As an actor, how do you prepare for a role onstage vs. on screen?

With stage, a lot more of the preparation is collaborative, because you have the rehearsal process, which I love. Whereas with screen, you’re doing all of that preparation alone, which is a shame sometimes. When I’m doing any role, my first thing is finding out the core of who they are. What are their fears? What are their biggest regrets? What are their dreams? What are the aspirations? What challenges them? What annoys them. I create the fully fleshed-out individuals with a whole backstory. So that when it comes time to be them, I can react organically as them without having to think about it because I know them so well.

Do you find it easy to separate yourself from the character once you’re off-stage or off-set?

I’ve never had a problem with that. I have my tools and my process – a big thing for me is music and I always have a playlist for each character. It’s so complete and once I put the costume on and the makeup on and I step out there without all the details, it’s easy to sort of slip back into me. I do think there’s a piece of each character that stays with me. I try to take my favourite piece of each one and learn from them and try to embrace that in my everyday life.

What kind of music did you have on your Chloe playlist?

Her dad is a diplomat so she has lived everywhere and travelled the world. There’s a lot of West African music and I really tried make it more of a cultural experience.

Was there a film or play that stuck with you as a kid that inspired you to pursue performance?

There’s a play called For Coloured Girls Who Have Considered Suicide When The Rainbow is Enuf by Ntozake Shange. I read it when I was about 15 years old and it just struck me. It looks at the diversity and similarities of the Black female experience across America. It’s so haunting and beautiful and tragic and inspiring and uplifting, it covers the whole emotional spectrum. I actually ended up putting it on and directing it at Oxford, it was the first play that I directed and I also acted in it. Everywhere I go, I have a copy of that play with me.

The Kissing Booth 3 has just been announced! Anything you can share about that?

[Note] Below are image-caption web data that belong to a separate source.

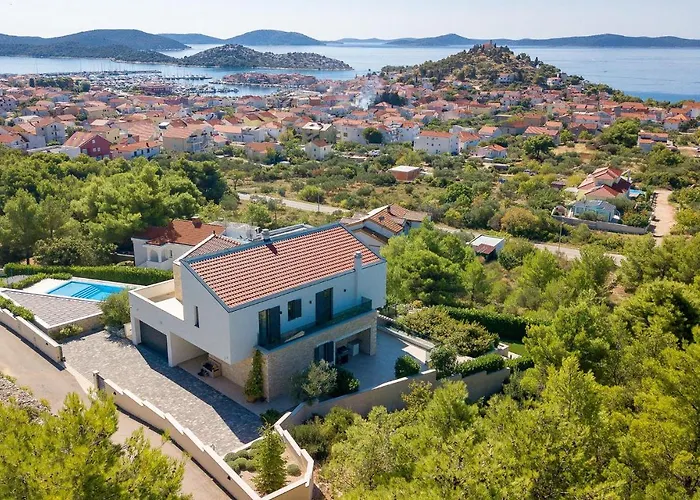 Marko Dom wakacyjny *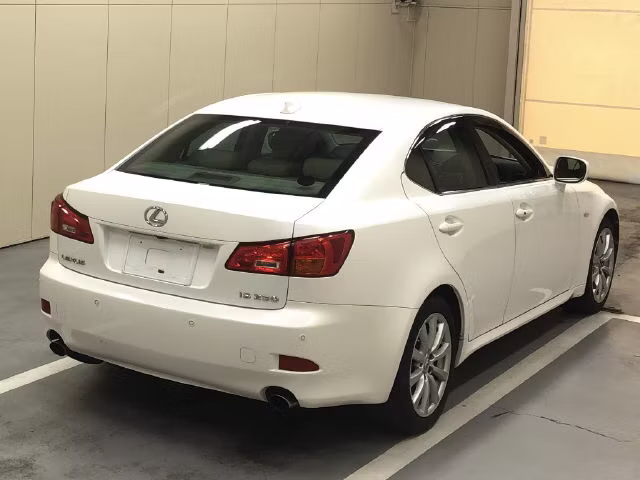 LEXUS IS250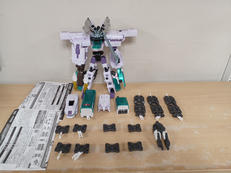 シンカリオンZ|TAKARA TOMY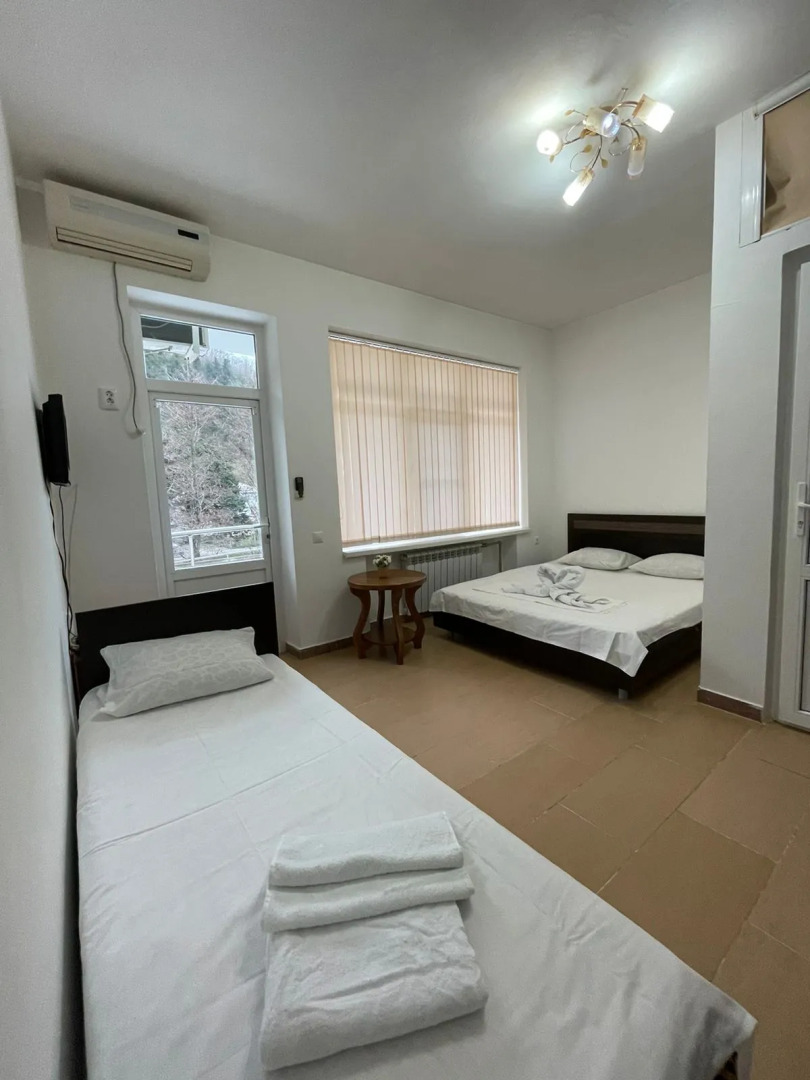 Гостевой Дом ЛооБич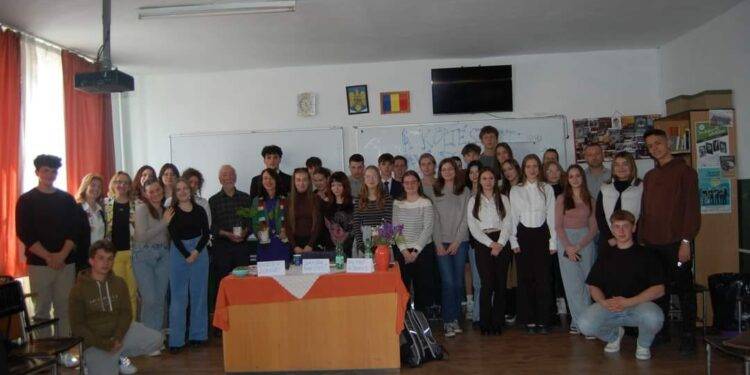 A 22-a ediție a Festivalului internațional „Primăvara Poeziei/ A Költészet Tavasza/ Spring of Poetry”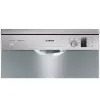 Laisvai pastatoma indaplovė Bosch SMS25AI05E, pilno dydžio 60 cm, 12 komplektų, 48 dB, energijos klasė E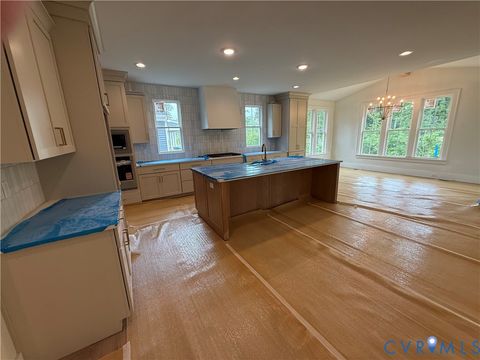 Tiny photo for 14900 Abberton Drive, Midlothian, VA 23112 (MLS # 2618728)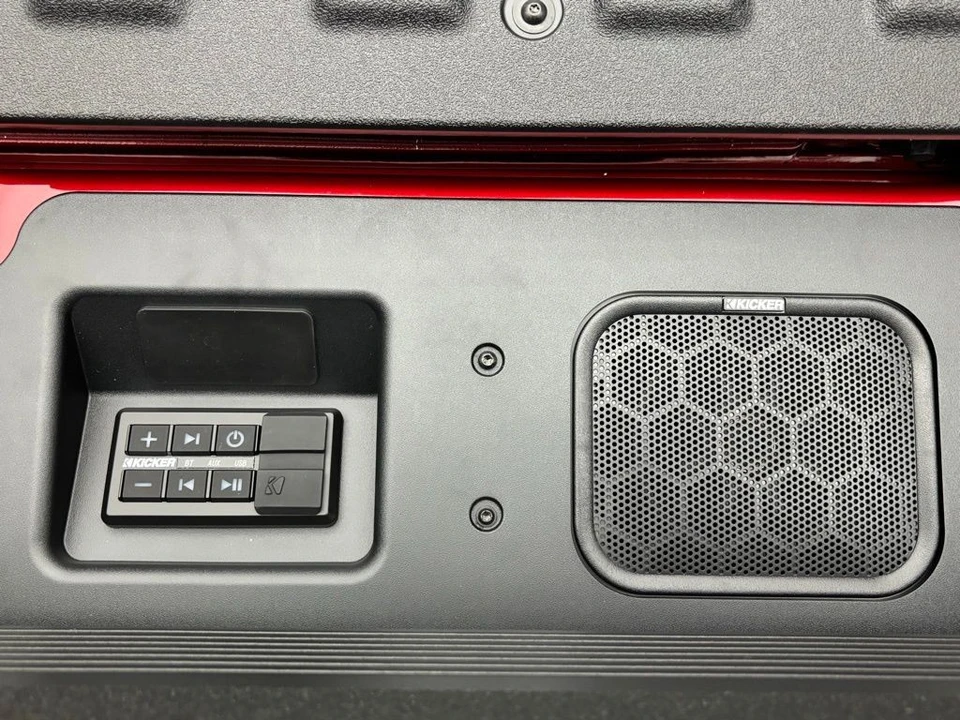 2026 GMC Sierra 5th Gen - Image 12 of 12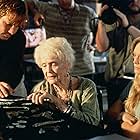 Bill Paxton, Suzy Amis, and Gloria Stuart in Titanic (1997)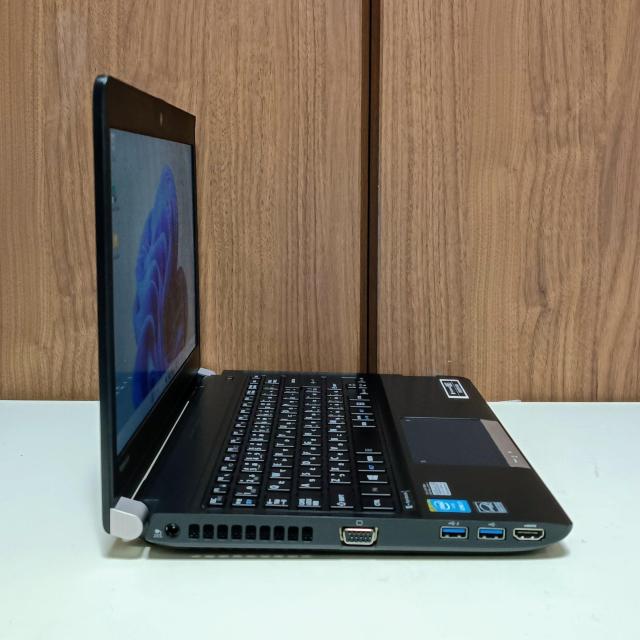 TOSHIBA dynabook Corei7 メモリ16GB SSD500GB ブルーレイ フルHD Webカメラ Office < PC本体/周辺機器 TOSHIBA dynabook Corei7 メモリ16GB SSD500GB ブルーレイ フルHD Webカメラ Office < PC本体/周辺機器の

It’s bigger and better than ever. It was great because it shows that period of time that very precious last summer between going from high school to university and you know, everyone’s being challenged because they know that they are going to have to diverge and so it’s a really heightened time. There will be tons of entertainment, Chloe and Marco will be back again so obviously the pot is stirred. 

How have you been keeping creatively fulfilled over the past few months?

I finally have time to do work on the projects that I have been wanting to create, but sort of put on the back burner while I’ve been filming other things. I’ve used this time to really flesh out my production company primarily, which is called Bareface Productions. It’s going to be launching this year –  specializes in telling narratives by and about marginalized communities and LGBTQ+ individuals, whereby the people going in front of the camera also are able to come behind the camera, telling and creating the story through every stage. It’s been a good time for writing and focusing on that, and to connect with other creatives around the world in order to start this story process.

How did you develop the idea for the company? Was it something you were thinking about for quite a while?

I’d been thinking about for over two years now, maybe because of my experiences within the industry and seeing the lack of complex, positive, diverse representation in front of the camera. Often when you do get [that representation], sadly, the representation is not always there behind the camera, with who is actually telling and creating and funding the stories. Often you miss out on some of the nuance and the complexity of these stories that you can only really get from experience. That was the starting initiative and through all my travels I’ve met so many fantastic creatives and people with just stories that you wouldn’t even be able to make up. They also wanted to be able to create a platform where we could share resources and contacts and uplift other minority filmmakers as well.